Diminuer le nombre de prescriptions par téléphone, 10% du total aux États-Unis.

Au Québec, «il n'y a pas de données à ce sujet, mais c'est fortement découragé, même si les parents sont parfois insistants», dit le Dr Weiss.

Confier davantage de prescriptions aux infirmières dans les cliniques, car elles suivent de plus près les lignes directrices.

Les infirmières ne peuvent prescrire d'antibiotiques au Québec, et selon le Dr Weiss, le taux de prescription est probablement sous-évalué puisque les cas plus sérieux sont orientés vers les médecins.
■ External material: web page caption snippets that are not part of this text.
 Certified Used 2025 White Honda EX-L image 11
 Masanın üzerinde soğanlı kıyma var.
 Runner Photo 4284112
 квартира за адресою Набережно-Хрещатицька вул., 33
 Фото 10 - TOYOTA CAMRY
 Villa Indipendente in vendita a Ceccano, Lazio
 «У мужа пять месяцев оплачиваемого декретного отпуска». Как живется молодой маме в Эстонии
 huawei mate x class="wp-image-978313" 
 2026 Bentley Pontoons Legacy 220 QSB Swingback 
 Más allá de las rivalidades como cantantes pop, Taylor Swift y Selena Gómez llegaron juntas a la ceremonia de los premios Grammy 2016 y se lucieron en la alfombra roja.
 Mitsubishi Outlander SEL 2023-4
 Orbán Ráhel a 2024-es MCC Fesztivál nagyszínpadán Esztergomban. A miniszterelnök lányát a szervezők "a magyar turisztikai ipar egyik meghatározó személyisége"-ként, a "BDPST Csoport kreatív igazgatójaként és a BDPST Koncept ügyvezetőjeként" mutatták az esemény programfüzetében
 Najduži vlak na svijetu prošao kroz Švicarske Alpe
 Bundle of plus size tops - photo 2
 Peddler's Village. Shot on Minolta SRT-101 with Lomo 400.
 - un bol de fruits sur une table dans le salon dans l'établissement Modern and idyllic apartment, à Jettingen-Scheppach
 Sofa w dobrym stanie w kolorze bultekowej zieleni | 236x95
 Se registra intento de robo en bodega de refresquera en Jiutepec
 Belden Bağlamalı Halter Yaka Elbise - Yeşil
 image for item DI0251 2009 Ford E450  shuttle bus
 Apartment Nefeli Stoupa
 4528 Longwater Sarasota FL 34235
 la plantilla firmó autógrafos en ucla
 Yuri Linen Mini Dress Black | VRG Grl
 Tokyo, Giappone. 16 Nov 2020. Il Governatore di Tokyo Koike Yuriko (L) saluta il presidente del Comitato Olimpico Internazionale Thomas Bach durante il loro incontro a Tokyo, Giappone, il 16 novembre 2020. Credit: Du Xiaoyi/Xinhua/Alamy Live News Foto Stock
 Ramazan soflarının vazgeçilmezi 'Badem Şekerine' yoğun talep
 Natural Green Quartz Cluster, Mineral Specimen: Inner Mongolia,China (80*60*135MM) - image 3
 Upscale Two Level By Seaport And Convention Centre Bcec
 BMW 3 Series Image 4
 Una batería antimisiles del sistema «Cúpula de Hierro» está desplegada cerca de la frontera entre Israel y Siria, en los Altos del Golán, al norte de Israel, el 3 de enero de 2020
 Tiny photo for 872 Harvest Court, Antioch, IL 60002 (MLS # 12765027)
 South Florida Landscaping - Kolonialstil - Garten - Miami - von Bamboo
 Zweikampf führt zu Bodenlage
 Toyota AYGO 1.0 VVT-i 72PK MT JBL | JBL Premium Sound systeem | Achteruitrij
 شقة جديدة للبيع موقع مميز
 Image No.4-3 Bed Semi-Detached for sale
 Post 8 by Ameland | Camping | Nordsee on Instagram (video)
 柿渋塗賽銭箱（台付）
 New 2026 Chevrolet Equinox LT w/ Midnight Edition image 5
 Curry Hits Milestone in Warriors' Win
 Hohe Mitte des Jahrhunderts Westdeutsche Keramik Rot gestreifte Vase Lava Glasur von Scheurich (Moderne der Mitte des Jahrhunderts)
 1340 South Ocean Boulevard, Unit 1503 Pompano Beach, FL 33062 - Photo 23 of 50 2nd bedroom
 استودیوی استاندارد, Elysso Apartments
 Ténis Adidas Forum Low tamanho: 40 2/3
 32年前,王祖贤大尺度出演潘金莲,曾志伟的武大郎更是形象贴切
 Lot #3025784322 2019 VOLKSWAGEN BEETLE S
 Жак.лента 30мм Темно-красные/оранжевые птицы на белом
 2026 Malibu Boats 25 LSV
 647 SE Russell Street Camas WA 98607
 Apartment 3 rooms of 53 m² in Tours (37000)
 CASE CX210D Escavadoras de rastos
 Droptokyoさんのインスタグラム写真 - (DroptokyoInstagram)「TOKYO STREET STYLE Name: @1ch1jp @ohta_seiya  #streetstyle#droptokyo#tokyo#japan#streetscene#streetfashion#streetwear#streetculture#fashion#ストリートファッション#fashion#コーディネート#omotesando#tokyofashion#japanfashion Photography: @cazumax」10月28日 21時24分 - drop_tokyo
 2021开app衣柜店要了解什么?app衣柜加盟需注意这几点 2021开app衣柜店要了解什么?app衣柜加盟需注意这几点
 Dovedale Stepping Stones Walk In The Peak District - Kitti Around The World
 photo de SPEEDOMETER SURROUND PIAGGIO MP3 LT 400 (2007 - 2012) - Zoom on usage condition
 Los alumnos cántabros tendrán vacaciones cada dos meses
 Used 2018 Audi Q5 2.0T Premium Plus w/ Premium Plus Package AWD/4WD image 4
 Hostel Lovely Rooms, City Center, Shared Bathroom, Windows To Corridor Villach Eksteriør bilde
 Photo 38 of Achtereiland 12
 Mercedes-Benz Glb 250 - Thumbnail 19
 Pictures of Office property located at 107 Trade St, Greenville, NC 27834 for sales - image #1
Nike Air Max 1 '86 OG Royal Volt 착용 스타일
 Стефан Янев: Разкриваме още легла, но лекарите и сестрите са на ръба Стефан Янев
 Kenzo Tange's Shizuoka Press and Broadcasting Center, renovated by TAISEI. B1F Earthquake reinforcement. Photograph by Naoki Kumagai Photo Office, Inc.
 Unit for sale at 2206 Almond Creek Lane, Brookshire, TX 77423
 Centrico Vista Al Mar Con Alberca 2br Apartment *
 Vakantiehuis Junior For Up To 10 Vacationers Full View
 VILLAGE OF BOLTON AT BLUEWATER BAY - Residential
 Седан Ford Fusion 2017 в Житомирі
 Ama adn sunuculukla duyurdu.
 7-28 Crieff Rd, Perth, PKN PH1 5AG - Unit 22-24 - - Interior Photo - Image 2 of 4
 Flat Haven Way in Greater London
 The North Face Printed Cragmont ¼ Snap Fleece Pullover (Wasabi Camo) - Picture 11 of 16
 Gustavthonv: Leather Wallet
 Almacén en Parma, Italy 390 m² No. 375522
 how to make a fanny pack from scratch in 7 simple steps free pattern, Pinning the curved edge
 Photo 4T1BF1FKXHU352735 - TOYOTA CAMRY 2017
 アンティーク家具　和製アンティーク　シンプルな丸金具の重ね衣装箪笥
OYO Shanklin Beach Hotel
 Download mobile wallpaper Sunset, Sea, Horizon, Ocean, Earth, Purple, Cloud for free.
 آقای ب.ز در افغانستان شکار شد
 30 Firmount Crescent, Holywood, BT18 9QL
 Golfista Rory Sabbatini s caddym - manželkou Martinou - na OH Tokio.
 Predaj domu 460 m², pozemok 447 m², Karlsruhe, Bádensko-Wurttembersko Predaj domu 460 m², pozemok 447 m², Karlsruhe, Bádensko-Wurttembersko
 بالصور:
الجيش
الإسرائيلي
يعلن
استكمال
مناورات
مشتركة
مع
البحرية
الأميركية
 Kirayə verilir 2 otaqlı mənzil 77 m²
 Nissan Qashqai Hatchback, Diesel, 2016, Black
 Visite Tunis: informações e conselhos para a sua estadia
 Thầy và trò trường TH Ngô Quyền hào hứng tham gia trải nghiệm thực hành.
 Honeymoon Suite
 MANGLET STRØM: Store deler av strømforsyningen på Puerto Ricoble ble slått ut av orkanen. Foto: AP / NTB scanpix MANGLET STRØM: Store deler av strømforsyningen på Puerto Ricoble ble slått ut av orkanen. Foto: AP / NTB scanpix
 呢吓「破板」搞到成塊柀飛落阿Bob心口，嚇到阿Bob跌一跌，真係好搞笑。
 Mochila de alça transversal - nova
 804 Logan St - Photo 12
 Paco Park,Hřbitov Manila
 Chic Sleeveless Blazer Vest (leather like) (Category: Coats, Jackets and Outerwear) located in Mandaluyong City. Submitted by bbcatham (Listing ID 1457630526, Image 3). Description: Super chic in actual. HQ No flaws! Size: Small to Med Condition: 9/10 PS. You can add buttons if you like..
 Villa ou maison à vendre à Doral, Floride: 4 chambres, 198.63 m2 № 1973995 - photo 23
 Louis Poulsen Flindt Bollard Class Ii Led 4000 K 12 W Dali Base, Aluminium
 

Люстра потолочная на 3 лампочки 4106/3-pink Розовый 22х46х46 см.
Obliger les médecins qui prescrivent des antibiotiques en contravention avec les lignes directrices de justifier leur décision par écrit.

Cette obligation n'existe pas au Québec, et, selon le Dr Weiss, «n'est pas d'une grande utilité, car les gens peuvent inscrire ce qu'ils veulent».

Fournir des outils d'autotriage sur internet qui indiquent aux parents quand aller voir un médecin n'est pas nécessaire. Ainsi, le questionnaire d'autotriage du comté de Monterey, en Californie, suggère d'aller voir un médecin pour une grippe seulement en cas de peau mate ou bleue, de désorientation, de souffle court, d'étourdissements et d'absence d'urine pendant plus de 12 heures.

«C'est utile, mais limite et dangereux, dit le Dr Weiss. C'est un peu comme dire: pas besoin de pilote dans votre avion, car la majorité du temps, ce n'est pas grave. Il suffit de consulter un algorithme qui vous dira quoi faire. Pour ma part, je préfère un avion avec pilote.»